Matthew
22,34-40
Jésus continue d’être harcelé de questions piégées. Il
est poursuivi inlassablement par ses adversaires. Nous avons vu dimanche
dernier comment les pharisiens avaient essayé de le compromettre sur le terrain
politique en lui demandant s’il était permis ou non de payer son impôt à César.
Dans les versets suivants, Matthieu nous rapporte comment les sadducéens, à
leur tour, ont tenté en vain de démontrer que la doctrine de la résurrection
soutenue par le Christ était absurde, en l’interrogeant sur le cas de six
frères qui ont épousés successivement la femme de leur frère défunt. Et nous en
arrivons à ce passage où nous voyons cette fois les pharisiens, par la voix d’un
docteur de la Loi, tendre à Jésus un piège bien plus délicat encore.

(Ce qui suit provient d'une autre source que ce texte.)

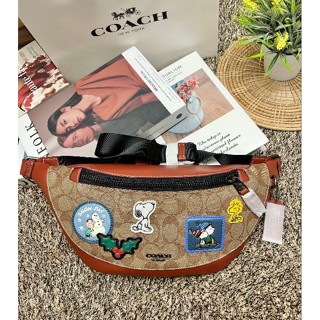 Coach X Peanuts Warren Belt Bag In Signature Canvas With Patches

La question ne vient pas d’une personne sincère qui
cherche la vérité, mais de quelqu’un qui veut prendre Jésus au piège. «L’un
d’eux lui demanda pour le mettre à l’épreuve», dit le texte : «Maître, dans la
Loi, quel est le plus grand Commandement?» Dans sa réponse à cette question, Jésus
établit avec clarté la priorité absolue des deux commandements de l’amour de Dieu
et de l’amour du prochain.
Premièrement, bien que la question du docteur de la
loi ne porte que sur « le » plus grand commandement, Jésus en propose non pas
un mais deux et il les unit l’un à l’autre. Le premier de ces deux
commandements ne surprend pas les pharisiens : «Tu aimeras le Seigneur ton Dieu
de tout ton cœur, de toute ton âme et tout ton esprit.» C’est en toute lettre
dans la grande prière juive, celle que l’on récite trois fois par jour, tourné
vers Jérusalem. Ensuite, Jésus ajoute un second commandement tiré du Livre de
Lévitique: «Tu aimeras ton prochain comme toi-même.» Ce précepte, les
pharisiens le connaissent bien lui aussi.

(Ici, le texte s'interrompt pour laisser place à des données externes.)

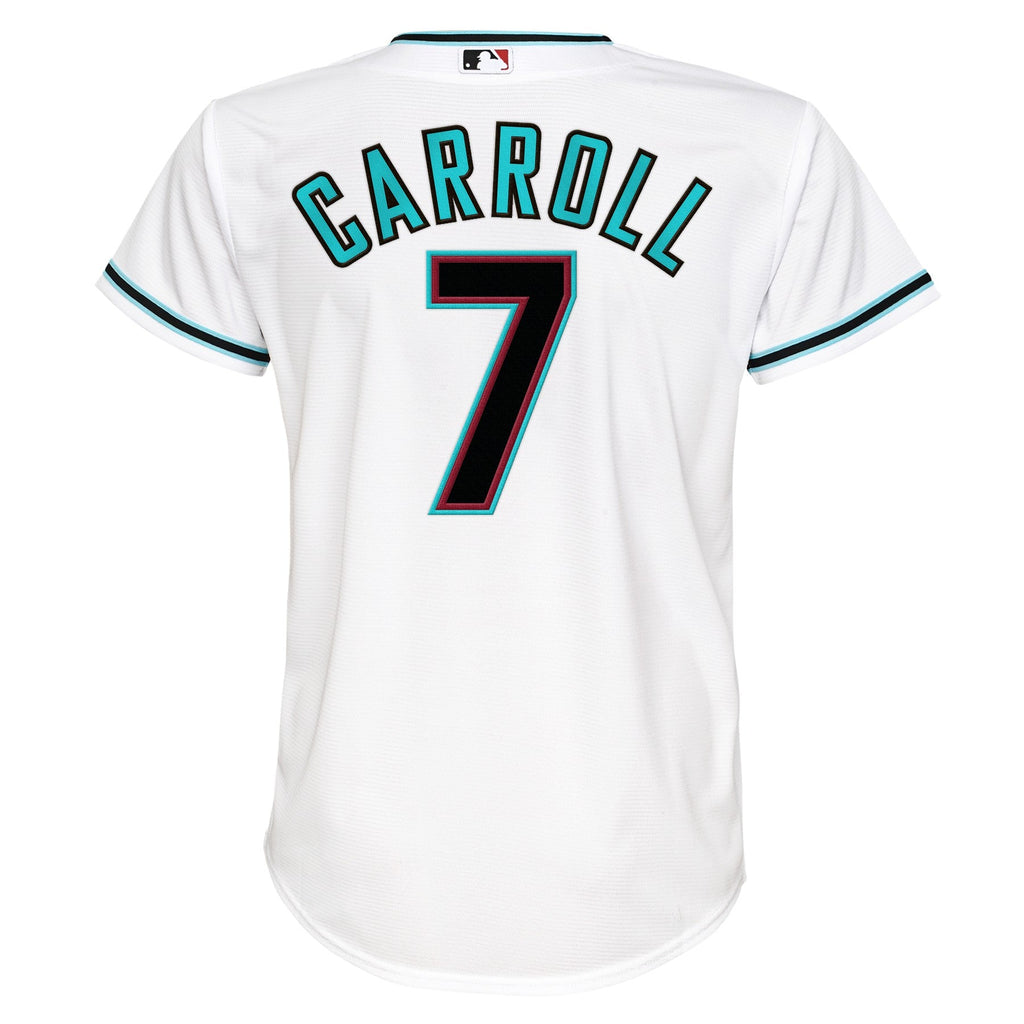 Youth Corbin Carroll Arizona Diamondbacks White Home Replica NIKE Screen Print Jersey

Mais la grande nouveauté, qui a fait scandale auprès
de ces Pharisiens, hommes très religieux, c’est de mettre sur le même plan Dieu
et le prochain, l’amour de Dieu et l’amour du prochain. Jésus conduit son
interlocuteur sur un autre terrain. Il lui montre d’abord que ce qui est
important dans la compréhension de la Loi divine, ce n’est pas de chercher à
comparer les lois entre elles, mais d’en trouver l’ultime finalité qui est l’Amour.
Il rappelle que tous les préceptes de la Loi ne sont bons, et n’ont de sens que
s’ils sont mis au service d’une seule et même réalité : l’Amour.
Il n’est donc pas question de choisir entre Dieu et le
prochain. On ne peut pas opposer Dieu à l’homme, ni l’homme à Dieu. Il n’y a
pas de concurrence entre les deux amours. Il est donc clair qu’on ne peut
éliminer un commandement par l’autre. On ne peut pas dire: il suffit d’aimer
Dieu ou bien, il suffit d’aimer le prochain. Jésus lui-même dit : «Qui
n’aime pas son frère qu’il voit, ne peut pas aimer Dieu qu’il ne voit pas. »
La mesure d’aimer son prochain c’est l’amour qu’on a
pour soi. S’aimer soi-même consiste à se laisser habiter par Dieu, se laisser
habiter par celui qui est l’Amour même. Et comme notre cœur est bien trop petit
pour contenir tout l’amour de Dieu, nous sommes appelé à le laisser déborder,
et à partager cette source surabondante d’amour avec ceux qui nous entourent.
Alors Aimer Dieu, s’aimer soi-même et aimer son prochain devient un même et
unique mouvement de Vie. L’amour n’est plus l’expression d’un vague sentiment,
d’une émotion aléatoire, mais la douce présence de l’Esprit même de Dieu au
fond de notre cœur. Cela n’est possible que si nous acceptons de sortir de
notre narcissisme, de notre égoïsme. Il faut renoncer à rechercher le bonheur
dans l’autosatisfaction. Il faut au contraire oser sortir de soi, se déposséder
de soi pour se donner à l’autre.
Dans un hôpital, un homme avait rencontré une jeune
religieuse qui soignait les plaies d’un lépreux. Il lui dit très sincèrement:
«Je ne ferais pas ce genre de travail pour un million de dollars». Et la jeune
religieuse lui répondit: «Moi non plus. Mais je le fais par amour pour ce
pauvre homme qui est en train de mourir.»